Das Problem ist nicht die Ehrlichkeit
Es ist die Reihenfolge. Wer als Erster zugibt, dass ein Stück nicht sitzt, macht sich angreifbar. Das ist keine Charakterschwäche, das ist Gruppendynamik. Und sie sorgt zuverlässig dafür, dass die ehrlichste Antwort die ist, die niemand gibt.
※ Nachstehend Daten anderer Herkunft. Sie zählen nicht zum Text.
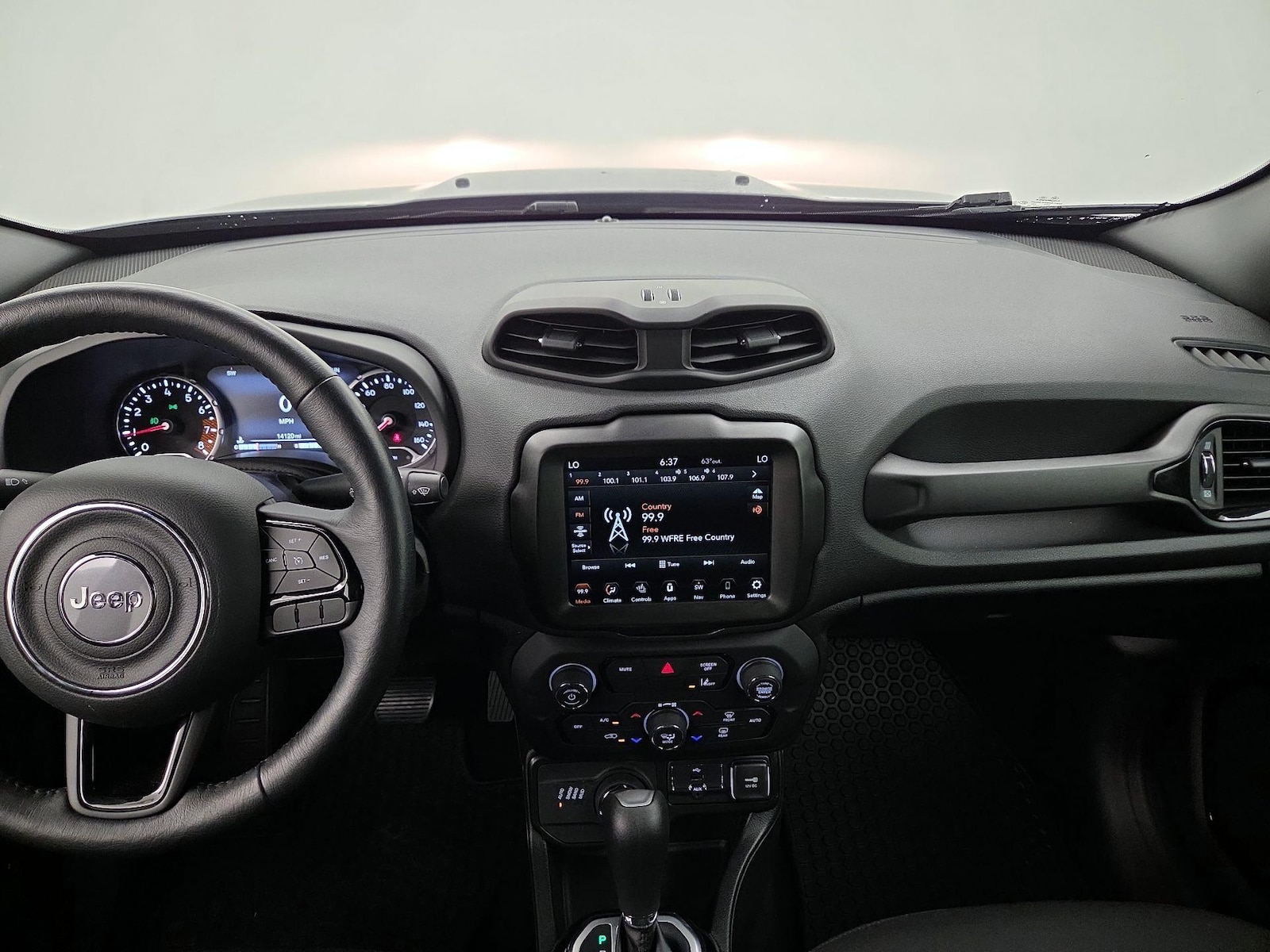 2022 Jeep Renegade Altitude - Photo 10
Also fragt gig.ly nicht in der Runde, sondern einzeln.
Fünf Stufen, in Ich-Form

- Noch nichts gemacht
- Reingehört
- Übe dran
- Komme klar
- Sitzt bei mir
Die Formulierung ist Absicht. Nicht „kommt klar", sondern „komme klar" — eine Aussage über dich, nicht über den Song. Das macht einen Unterschied: Über den Song lässt sich streiten, über deinen eigenen Stand nicht.
Und du siehst dabei nicht, was die anderen angeklickt haben. Deshalb sind die Antworten brauchbar.
Danach sieht die Band, wo sie steht

Was die Band bekommt, ist nicht „wer kann was nicht", sondern wo es hakt. Ein Stück, bei dem vier von sechs auf „übe dran" stehen, ist kein Personalproblem — es ist der nächste Punkt auf dem Probenplan.
Ihr diskutiert über Zahlen statt über Gefühle
„Ich finde, wir können den schon" gegen „vier von sechs sind noch nicht durch" — das eine ist eine Meinung, das andere ein Plan. Die zweite Diskussion dauert eine Minute und endet mit einer Entscheidung.
Und weil niemand namentlich dasteht, kann man das Stück rausnehmen, ohne dass sich jemand rechtfertigen muss.
Wann gefragt wird
Nicht ständig. Der Dialog kommt, wenn es tatsächlich etwas zu bewerten gibt — neue Stücke, Stücke, die lange lagen, Stücke vor einem Termin. Und „Später" ist eine vollwertige Antwort: Sie merkt sich, dass du gefragt wurdest, und fragt in derselben Sitzung nicht nochmal.
Was daraus folgt
Die Übe-Liste sortiert sich nach dem, was hakt und was ansteht. Das ist der eigentliche Nutzen der Bewertung: Sie ist keine Statistik, sondern der Grund, warum du nicht überlegen musst, was du üben sollst.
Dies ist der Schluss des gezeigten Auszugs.